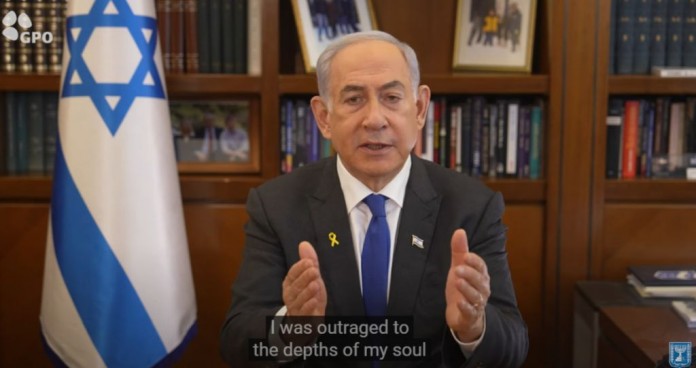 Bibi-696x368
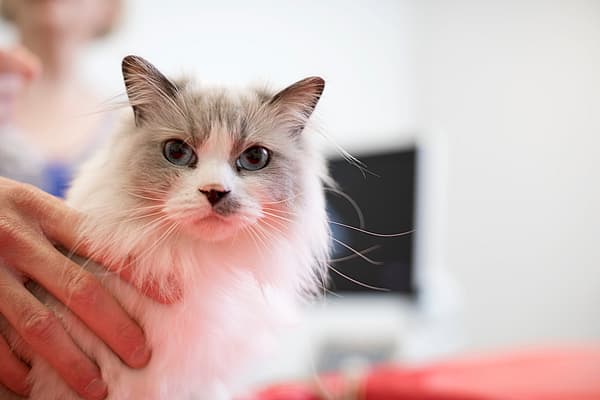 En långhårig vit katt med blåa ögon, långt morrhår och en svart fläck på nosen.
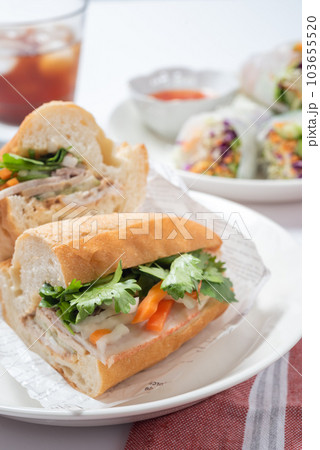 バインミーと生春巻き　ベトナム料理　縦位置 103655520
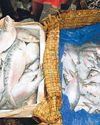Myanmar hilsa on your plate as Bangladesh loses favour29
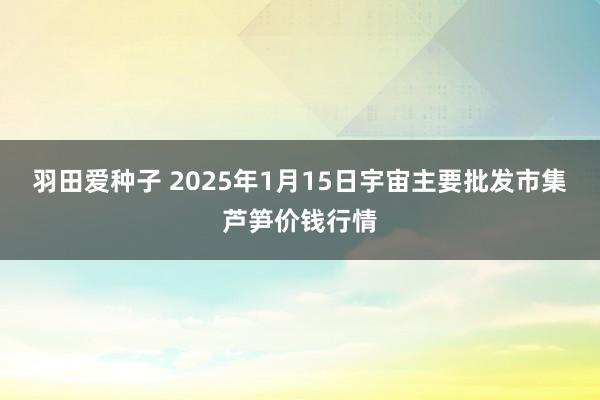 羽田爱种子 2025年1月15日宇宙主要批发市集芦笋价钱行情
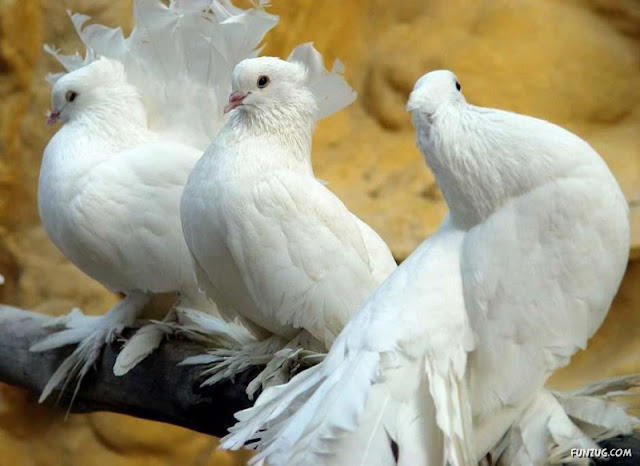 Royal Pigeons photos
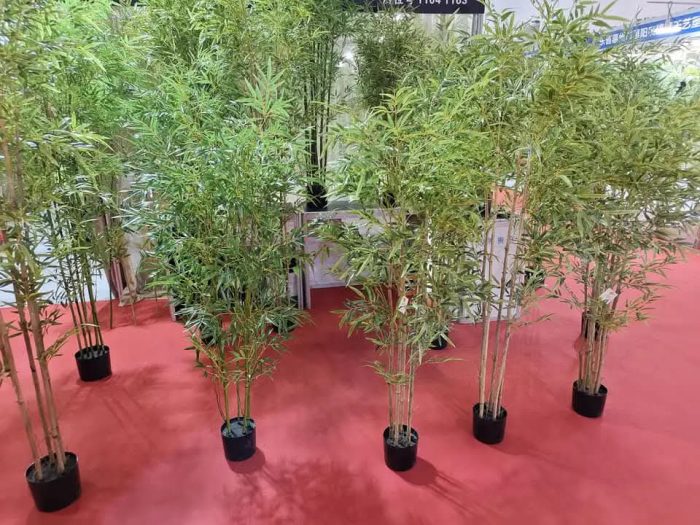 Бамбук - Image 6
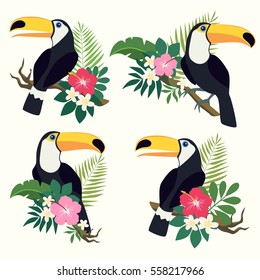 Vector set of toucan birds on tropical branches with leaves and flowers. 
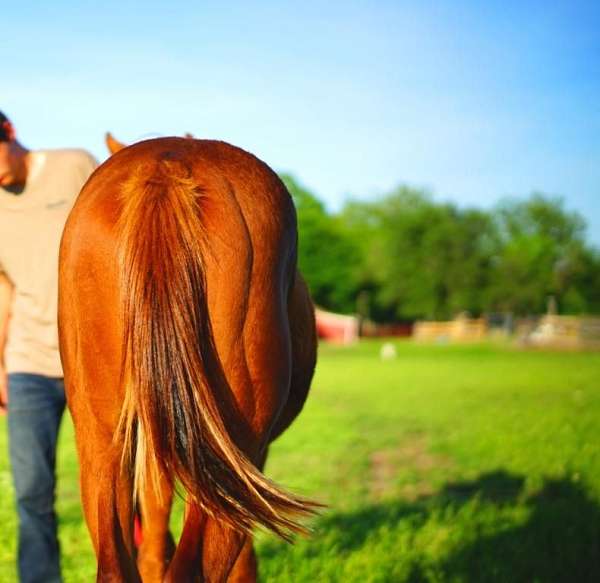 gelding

◆ ◆ ◆ ◆ ◆ ◆ ◆

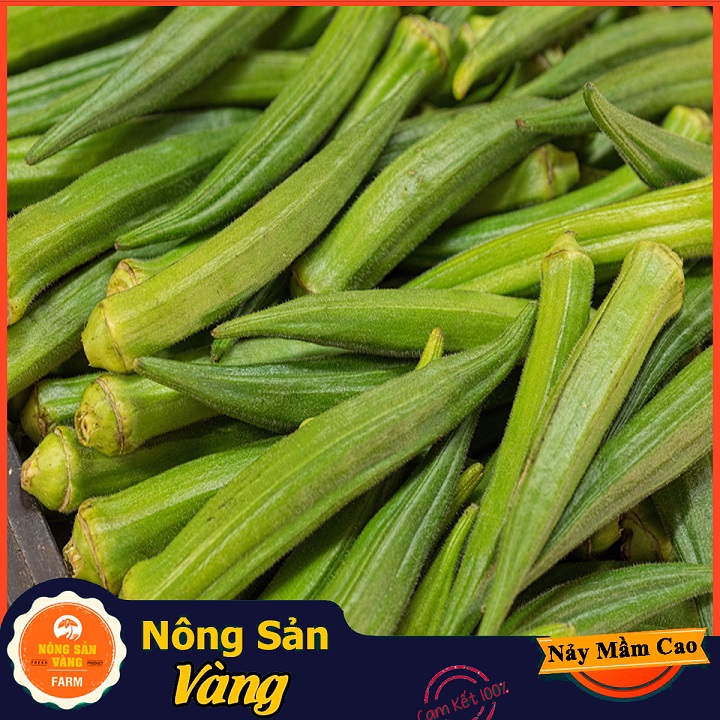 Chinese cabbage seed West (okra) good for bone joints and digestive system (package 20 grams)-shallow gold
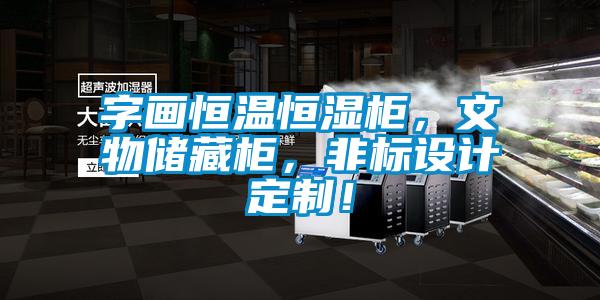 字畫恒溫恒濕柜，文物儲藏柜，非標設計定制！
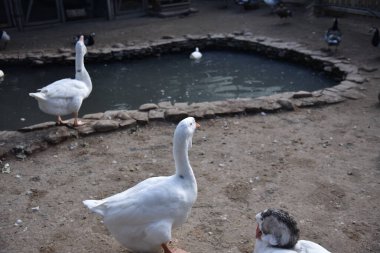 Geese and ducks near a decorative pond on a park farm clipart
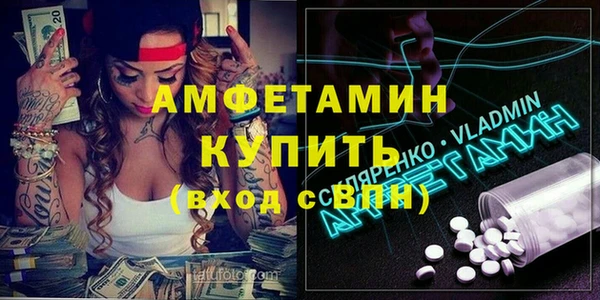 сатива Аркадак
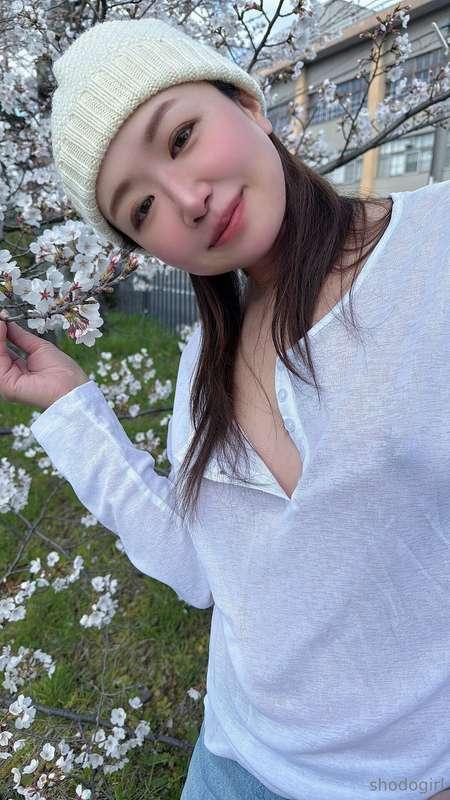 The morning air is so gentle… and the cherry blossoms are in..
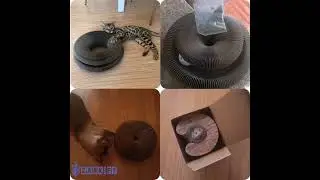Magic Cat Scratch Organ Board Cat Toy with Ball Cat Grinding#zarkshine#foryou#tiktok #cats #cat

◆ ◆ ◆ ◆ ◆ ◆ ◆

## Work required
Copy the lines above between the one holding "The morning air" and the one holding "Magic Cat Scratch", inclusive. Drop the pictures.

## Exercise result
 The morning air is so gentle… and the cherry blossoms are in..
Magic Cat Scratch Organ Board Cat Toy with Ball Cat Grinding#zarkshine#foryou#tiktok #cats #cat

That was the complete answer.